= Environmental issues in Kolkata =

Environmental issues in Kolkata refers to the air pollution, water pollution, garbage problems, and other problems of the natural environment prevalent in the city of Kolkata, the capital of the Indian state of West Bengal. It severely affects Kolkata's biophysical environment as well as human health.

==Air pollution==
According to data released in 2009 by the Scientific and Environmental Research Institute, atmospheric suspended particulate matter (SPM) in Kolkata was 511. This made Kolkata the most polluted metropolitan city in India, followed respectively by Mumbai, Delhi and Chennai. In a 6-years long study completed in 2007, the Chittaranjan National Cancer Institute (CNCI) found that 70% of residents of Kolkata suffer from respiratory diseases, like lung cancer, dyspnea and asthma, caused by air pollution. According to the CNCI study, 18.4 cases of lung cancer per 100,000 people were reported from Kolkata.

According to data collected in 2010 by the Central Pollution Control Board (CPCB), Kolkata, along with Delhi, is among the worst affected Indian cities when it comes to air pollution. Between 2009 and 2011, the highest number of lung cancer cases in India were reported from Kolkata, Delhi and Mumbai. According to a report prepared by the Centre for Science and Environment (CSE), among the number of cancer cases reported between 2009 and 2011, the most frequent cases were of lung cancer with a share of 12%. According to an article published in The Telegraph, Kolkata has been nicknamed the "lung cancer capital of India". In the World Health Organization's (WHO) ranking of cities by air pollution, Kolkata ranks 25th among a total of 1100 cities.

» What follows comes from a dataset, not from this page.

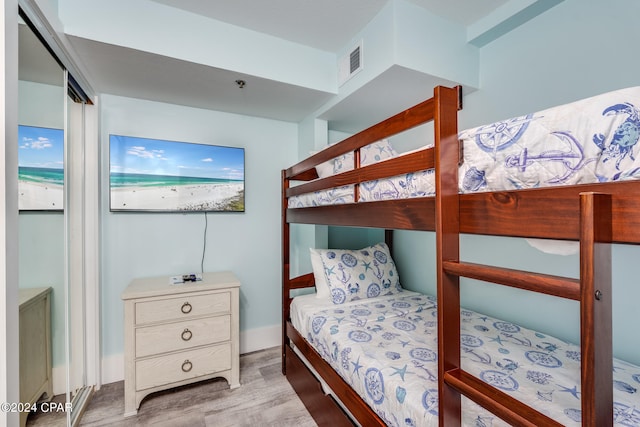 bedroom with light hardwood / wood-style floors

Air pollution is high in Kolkata despite the city's relatively low rates of car ownership, compared to other large Indian cities, and its strong public transport. It may be possible to reduce Kolkata's energy emissions through measures that also save money, such as parking demand management and improved vehicle efficiency standards.

==Water Pollution==
A 2003 report released by the Federation of Consumer Associations (FCA) found that much of the drinking water in Kolkata was polluted with human waste. According to this report, 87% of reservoirs supplying water to residential buildings were contaminated with human excrement. There were significant traces of faecal matter in 63% of faucets, and 20% of the water samples collected from various city hospitals were also found to be contaminated. The study reported that approximately one-fifth of the deep water wells and hand pumps operated by the Kolkata Municipal Corporation were polluted with human waste. The former director of the All India Institute of Hygiene and Public Health blamed the ongoing water pollution on a leaky sewer system and water pressure abnormalities.

==Subsidence==
Subsidence is an increasing problem in Kolkata due to "demand of groundwater for drinking, agricultural and industrial purposes [which] has increased due to rapid urbanization, according to a 2022 paper submitted to the Indian Academy of the Sciences.